Grid control relies on a Supervisory Control And Data Acquisition (SCADA) system which measures power and voltage at key locations of the grid. Thanks to this infrastructure, energy flow in all parts of the grid can be monitored. The deployment of Global Navigation Satellite Systems (GNSS) made it possible to achieve high synchronisation of the measurements. Phasor Measurement Units (PMUs) enable an accurate measurement of voltage and current amplitude, phase difference at different nodes relative to UTC (Universal Time Coordinated), frequency, and rate-of-change-of-frequency (ROCOF). PMUs yield better state estimations with the possibility to observe long-distance oscillations with high refresh rates (up to 50 times per second compared to once every 15 minutes for SCADA). PMUs can be used to provide more information on a denser time scale, such as ROCOF, grid inertia from frequency and ROCOF, synthetic inertia, detection of sub-synchronous oscillations, fault location identification, dynamic thermal rating of overhead lines and cables, and remote instrument transformer calibration. PMUs have been deployed widely across North America, following spectacular grid blackouts [13], and now are becoming more generally introduced in the European transmission grid as well.

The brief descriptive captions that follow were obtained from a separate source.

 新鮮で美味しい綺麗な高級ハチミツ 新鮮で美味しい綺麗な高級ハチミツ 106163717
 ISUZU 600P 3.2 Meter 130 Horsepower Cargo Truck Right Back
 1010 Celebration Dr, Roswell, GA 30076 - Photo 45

However, verifying their measurement accuracy under all actual grid conditions is a challenging task.

Sensors are used to measure network current, voltage and frequency, with this data aggregated to form a view of the overall network state. However, distributed generation will need distributed sensor deployments. Methods for optimising sensor placement, the use of phasor measurement units (PMUs), and state estimation using aggregated smart meter data are just a few examples that could improve network management beyond the present Supervisory Control And Data Acquisition (SCADA) systems. As an example, a 50 kV distribution network in the south-west part of the Netherlands provided data for comparing state estimation algorithms applied to PMU data with SCADA data. The grid was equipped with a SCADA system already, whereas PMUs were installed as additional monitoring devices. To what degree and to which scale the granularity of PMU installation is useful in distribution grids is the subject of further research. For shorter monitored scales, observing amplitude and phase differences between different locations requires improved voltage and current accuracy as well as a higher degree of synchronisation.

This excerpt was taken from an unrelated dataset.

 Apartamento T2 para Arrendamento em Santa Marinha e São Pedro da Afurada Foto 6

Reduced grid inertia, caused by the increased integration of grid-following renewable energy sources, requires faster responses to system instabilities. The related shorter time constants and time scales in grid control demand higher reporting rates. Dynamic phasors might not be adequate to determine the varying low inertia in the presence of disturbances such as phase steps, frequency steps, phase modulations, and so other techniques - like Hilbert Transforms - need to be investigated. Potentially, other parameters might also be necessary to guarantee system stability, such as power stability rather than inertia.

Network operators are interested in the detection of abnormal events in response to faults or changes to system dynamics. Data analytics techniques can be used to detect anomalies and atypical behaviour in power system operation and facilitate new alarm metrics for control room staff and protection systems. An example of grid instability is the build-up of oscillations in power systems due to the increasing difficulty of convertors locking onto a stable grid frequency and their intrinsic sensitivity to abnormal events.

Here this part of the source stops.